Image By: Jessica Jordan Just a few of Plastics News' 2014 Rising Stars.

For the first time, Plastics News is turning a spotlight on plastics professionals under the age of 40 who are on the path to becoming the industry's next leaders. Today and Wednesday, we will profile 10 of these "Rising Stars."

Kim Holmes

35, Society of the Plastics Industry Inc.

Title: Recycling and diversion director

Location: Washington, D.C., and the Portland, Ore., home office

Twitter handle: @kholmesrecycles

Birthplace: Columbia, Mo.

Education: Master’s degree in urban studies, Portland State University, 2007; bachelor’s degrees in history and anthropology, University of Maryland, College Park, 1999.

Career highlights: SPI recycling and diversion director, March 2013 to present; commercial marketing manager, North American recycle portfolio for Sabic Innovative Plastics, 2011-12; owner and principal consultant, 4R Sustainability Inc., October 2008 to October 2011, and December 2012 to September 2013; executive editor, Resource Recycling, 2003-08; technical assistance specialist, Community Environmental Services at Portland State University, 2002-03.

Kim Holmes

Q: Tell us about your family.

Holmes: Married for 13 years, two boys, ages 5 and 8.

Q: What was your first plastics job and why were you interested in the industry?

Holmes: At Community Environmental Services, we would conduct waste audits, create strategies to maximize diversion of all recyclables, and then implement recycling programs to reduce landfill-bound waste.
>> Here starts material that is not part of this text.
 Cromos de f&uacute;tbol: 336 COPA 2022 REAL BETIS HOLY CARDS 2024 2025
We were often able to identify previously unrealized opportunities for plastics. This is when I first began to understand how dynamic plastics are, and where the opportunities and challenges lie in expanding recovery for plastic products.
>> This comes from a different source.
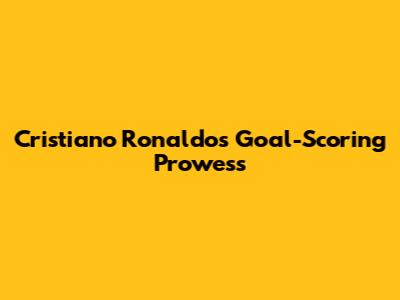 Cristiano Ronaldo's Goal-Scoring Prowess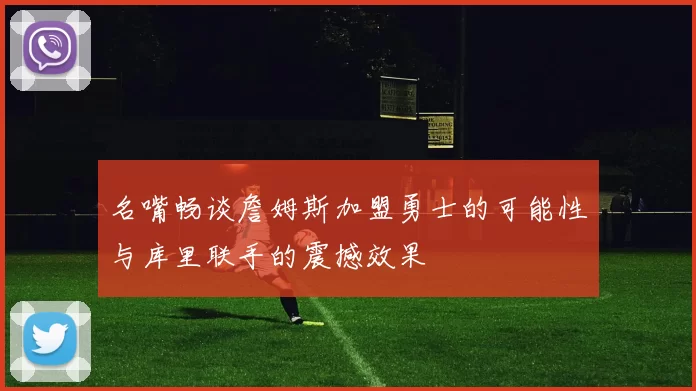 名嘴畅谈詹姆斯加盟勇士的可能性与库里联手的震撼效果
Q: What is your greatest achievement?

Holmes: To date, finally achieving work/life balance! As a mom with two young kids, this is huge and something I’ve struggled with. On a professional level, I’d have to say my greatest achievement to date has been helping to get the newly formed SPI Recycling Committee off the ground.

Q: What is your current challenge at work?
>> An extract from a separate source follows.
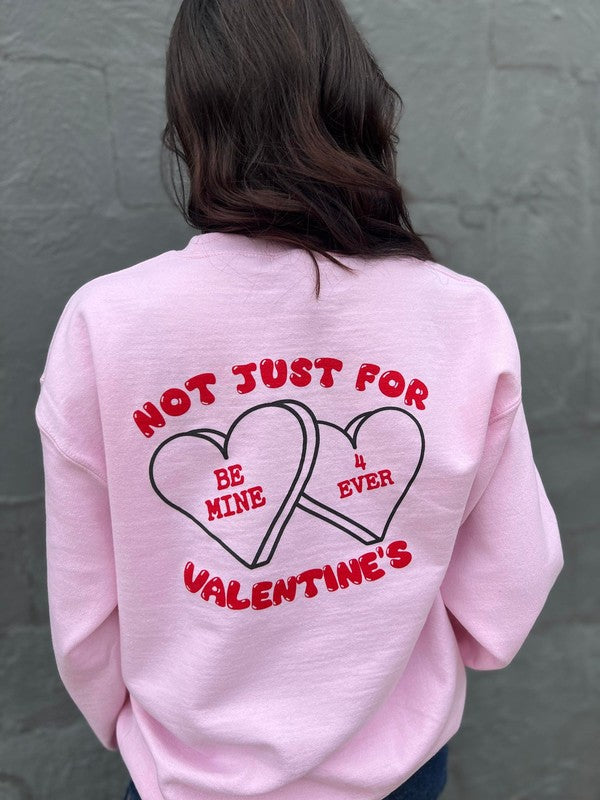 Not Just For Valentines Sweatshirt - 1985 the VAULT Boutique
Holmes: One is the limitations of the collection system that we are beginning to realize. For example, material recovery facilities are not well-equipped to handle many forms of plastic outside of a 3-D, rigid container. We obviously have much bigger goals.

Q: What emerging technology or market most interests you?

Holmes: I believe we are on the cusp of seeing the integration of conversion technologies (like gasification and pyrolysis) into the materials-management framework. I also expect developments in separation technology.

Q: What about the plastics industry surprises you?

Holmes: As I work more closely with the prime plastics industry, I have been surprised by the genuine commitment to improve the situation for end-of-life plastics.

Q: What advice would you give to a person considering a career in the plastics industry?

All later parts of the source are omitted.